The Kit is used for detecting the Cell proliferation-toxicity of a head and neck squamous Cell carcinoma Cell line by using a Cell Counting Kit-8, wherein the Cell Counting Kit-8 is called CCK-8 for short, and is a rapid high-sensitivity detection Kit which is based on WST-8 (chemical name: 2- (2-methoxy-4-nitrophenyl) -3- (4-nitrophenyl) -5- (2, 4-disulfobenzene) -2H-tetrazole monosodium salt) and is widely applied to Cell proliferation and cytotoxicity. The working principle is as follows: in the presence of an electron coupling agent, it is reduced by mitochondrial dehydrogenases to produce a highly water-soluble orange-yellow formazan product (formazan). The shade of color is proportional to the proliferation of cells and inversely proportional to cytotoxicity. OD value was measured at a wavelength of 450nm using a microplate reader, indirectly reflecting the number of living cells.
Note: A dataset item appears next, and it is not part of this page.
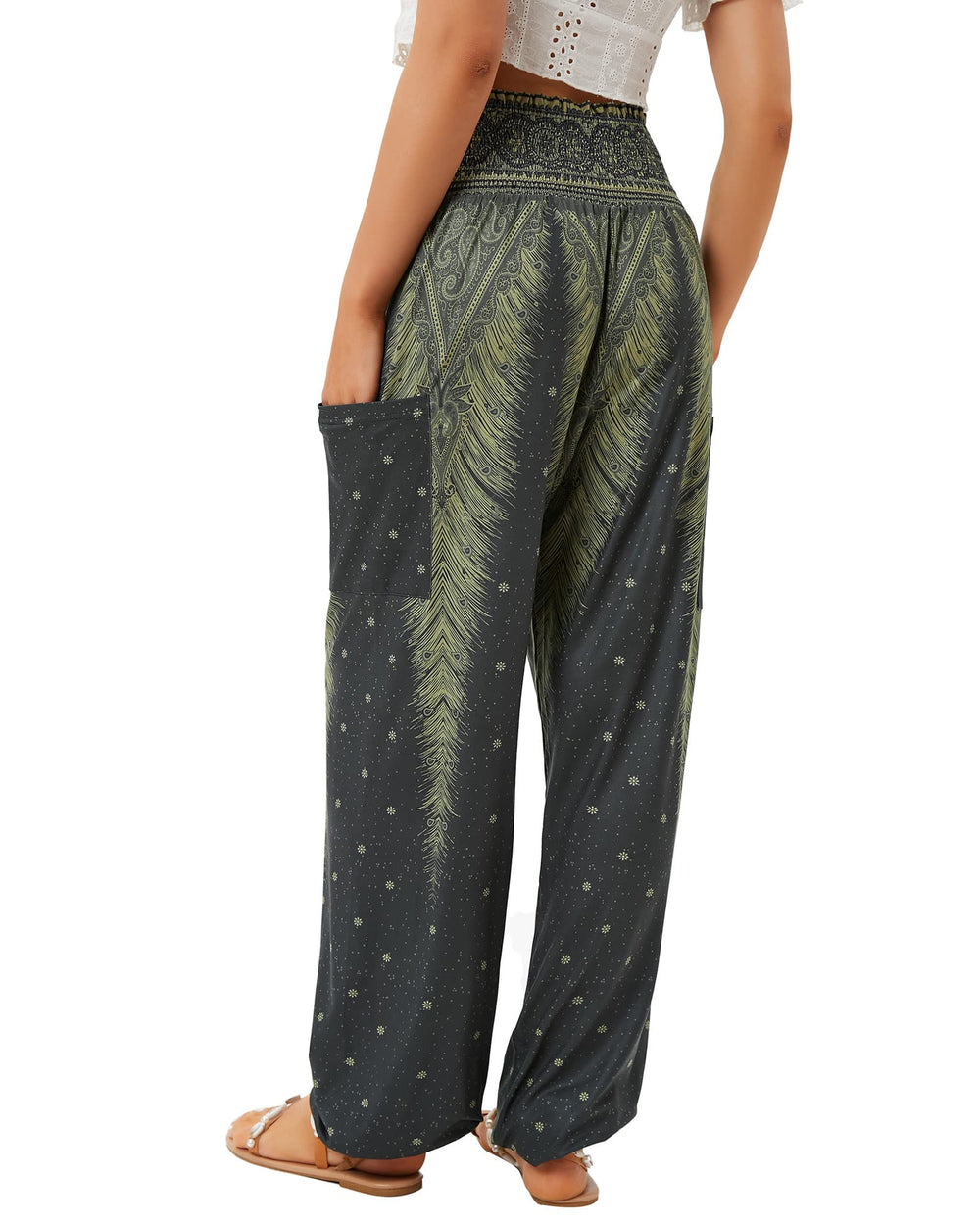 Women's Harem Pants, High Waist Yoga Boho Trousers with Pockets Elephant Black L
The activity was calculated, and the calculation results are shown in table 2:

cell viability (%) ([ a (dosed) -a (blank) ]/[ a (0 dosed) -a (blank) ] × 100

A (dosing): absorbance of the drug adding group hole; a (blank): absorbance of blank set wells; a (0 dosing): 0 absorbance of the wells of the kit.

TABLE 2

As can be seen from Table 2, the survival rates of the tonsil cancer cell lines, the non-small cell lung cancer cell lines and the liver cancer cell lines are gradually reduced along with the increase of the concentration of the blueberry anthocyanin, and the inhibition effect on the cell growth is gradually obvious, so that the growth of the tonsil cancer cell lines, the non-small cell lung cancer cell lines and the liver cancer cell lines is obviously influenced by the blueberry anthocyanin, and the inhibition effect and the concentration of the blueberry anthocyanin form a dose-dependent relationship. In contrast, prostate cancer cell lines are more sensitive to blueberry anthocyanin extract, and prostate cancer cells show high inhibition rate in low dose of blueberry anthocyanin pure extract and do not change with the change of anthocyanin dose.

And (4) conclusion: according to the apoptosis mechanism of HepG-2 cells, the blueberry anthocyanin extract has obvious cancer cell apoptosis inducing effect on tongue squamous cancer cell lines, non-small cell lung cancer cell lines, liver cancer cell lines and prostate cancer cell lines.